- Exercise data
⟨

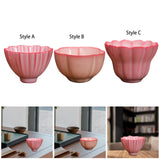 Maxbell Tea Cup Collection Traditional Kung Fu Teacup for Tea Room Restaurant Office Style A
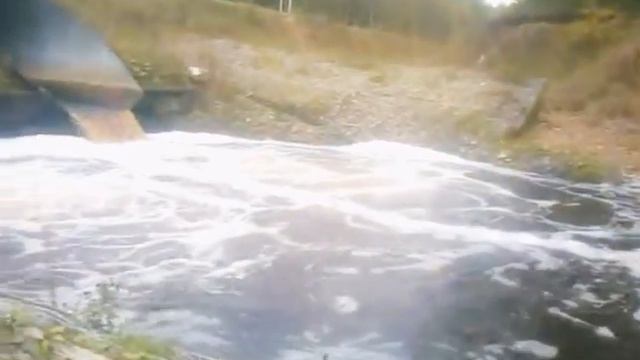 Водопадики на Негле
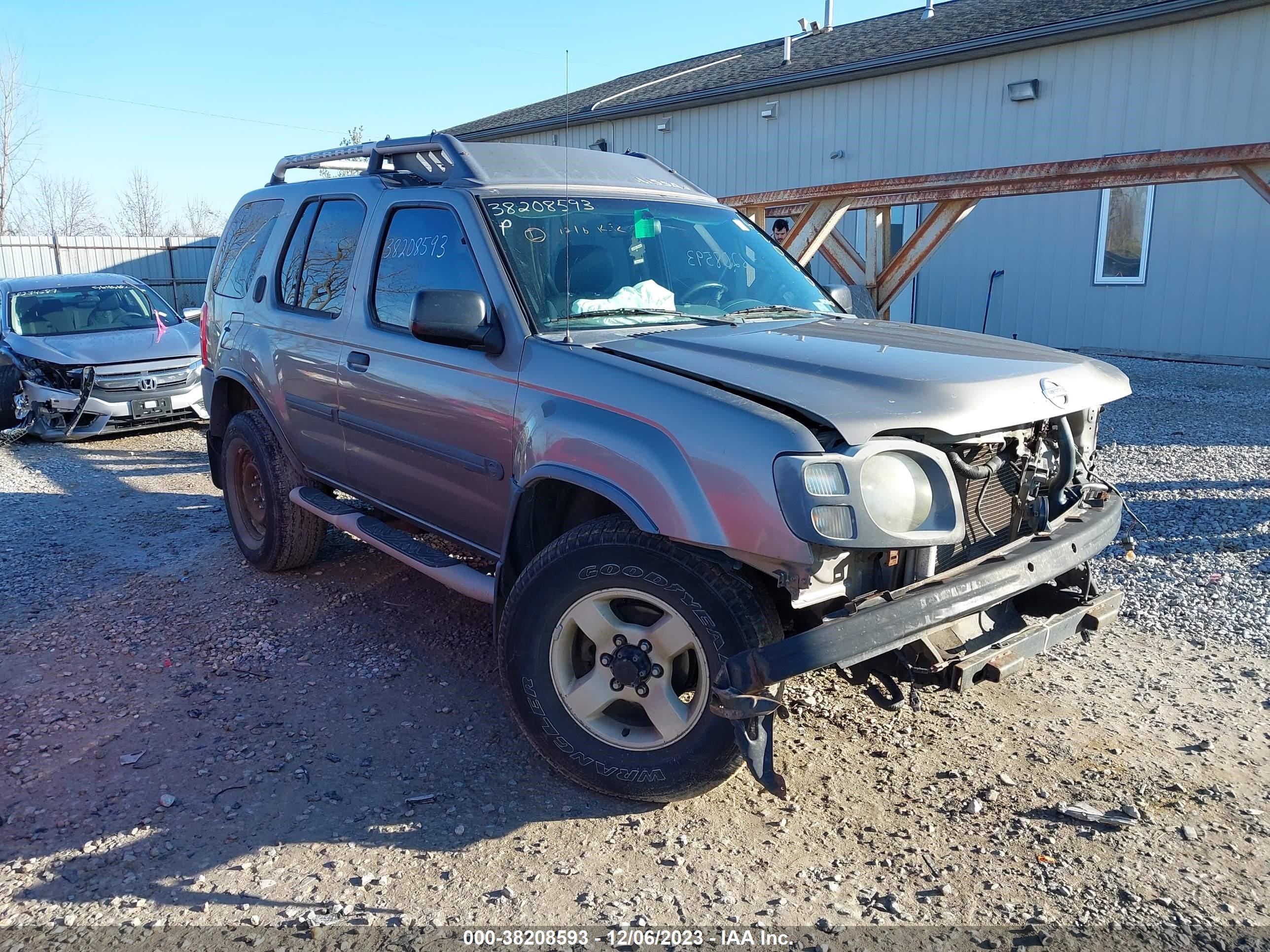 NISSAN XTERRA 2004 5n1ed28y04c620606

⟩

- Problem details
Give back the whole listing exactly, without pictures.

- Solution for this task
 Maxbell Tea Cup Collection Traditional Kung Fu Teacup for Tea Room Restaurant Office Style A
 Водопадики на Негле
 NISSAN XTERRA 2004 5n1ed28y04c620606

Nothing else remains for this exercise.